1

Context

  1. In the simple form shown a file input element allows for multiple file uploads.
  2. An image preview is generated for each file.
  3. When an image is clicked on, this preview image is deleted (for simplicity I haven't included a delete button, it is deleted when you click the image).

On a side note the image files are submitted via PHP in the backend and the backend code all works as expected.

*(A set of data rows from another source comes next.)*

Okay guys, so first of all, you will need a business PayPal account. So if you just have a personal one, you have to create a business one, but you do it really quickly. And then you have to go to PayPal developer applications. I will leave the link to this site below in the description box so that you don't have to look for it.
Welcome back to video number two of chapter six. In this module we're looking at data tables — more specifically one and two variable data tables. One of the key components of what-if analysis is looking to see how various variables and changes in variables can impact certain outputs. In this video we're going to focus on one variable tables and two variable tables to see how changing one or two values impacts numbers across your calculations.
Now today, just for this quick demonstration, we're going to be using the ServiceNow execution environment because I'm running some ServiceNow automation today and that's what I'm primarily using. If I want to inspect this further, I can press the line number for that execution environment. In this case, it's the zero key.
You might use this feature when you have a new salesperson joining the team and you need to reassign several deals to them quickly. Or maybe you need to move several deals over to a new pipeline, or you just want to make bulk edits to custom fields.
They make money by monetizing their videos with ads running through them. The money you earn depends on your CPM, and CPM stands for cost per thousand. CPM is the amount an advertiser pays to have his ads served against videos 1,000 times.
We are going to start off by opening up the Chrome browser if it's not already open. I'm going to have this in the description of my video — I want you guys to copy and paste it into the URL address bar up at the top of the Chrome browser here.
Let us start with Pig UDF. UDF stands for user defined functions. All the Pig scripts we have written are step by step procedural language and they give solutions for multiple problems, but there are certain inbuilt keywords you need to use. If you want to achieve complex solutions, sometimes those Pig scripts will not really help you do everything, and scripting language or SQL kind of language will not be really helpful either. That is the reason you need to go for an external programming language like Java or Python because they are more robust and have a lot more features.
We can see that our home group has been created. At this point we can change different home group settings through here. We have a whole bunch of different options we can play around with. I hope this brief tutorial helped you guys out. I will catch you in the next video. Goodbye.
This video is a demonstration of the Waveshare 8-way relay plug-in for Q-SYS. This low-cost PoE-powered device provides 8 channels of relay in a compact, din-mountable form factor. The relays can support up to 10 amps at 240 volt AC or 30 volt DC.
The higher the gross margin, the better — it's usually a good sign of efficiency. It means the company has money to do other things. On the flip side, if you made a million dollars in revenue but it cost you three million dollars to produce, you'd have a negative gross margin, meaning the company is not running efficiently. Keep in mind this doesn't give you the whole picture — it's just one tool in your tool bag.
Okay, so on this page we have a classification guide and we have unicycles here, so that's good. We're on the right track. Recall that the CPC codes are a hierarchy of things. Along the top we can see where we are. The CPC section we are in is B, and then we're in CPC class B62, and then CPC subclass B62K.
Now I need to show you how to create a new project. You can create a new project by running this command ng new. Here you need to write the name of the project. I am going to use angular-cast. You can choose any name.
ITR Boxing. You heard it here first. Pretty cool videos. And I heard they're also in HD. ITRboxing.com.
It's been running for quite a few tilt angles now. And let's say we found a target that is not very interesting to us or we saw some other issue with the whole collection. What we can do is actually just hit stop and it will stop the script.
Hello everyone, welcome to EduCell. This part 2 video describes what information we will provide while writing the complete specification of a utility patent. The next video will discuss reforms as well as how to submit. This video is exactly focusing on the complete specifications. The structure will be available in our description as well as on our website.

When a number of files are attached via the files input element it creates an array which you can see via the console.log([...chooseFiles.files]); line of code, which shows details of the files attached.

Problem

Can someone explain how when an image is clicked (and thus removed/ deleted visually) how you also remove that specific image from the chooseFiles.files array?

At the moment, because the image is only visually removed, the related image file is still submitted with the form.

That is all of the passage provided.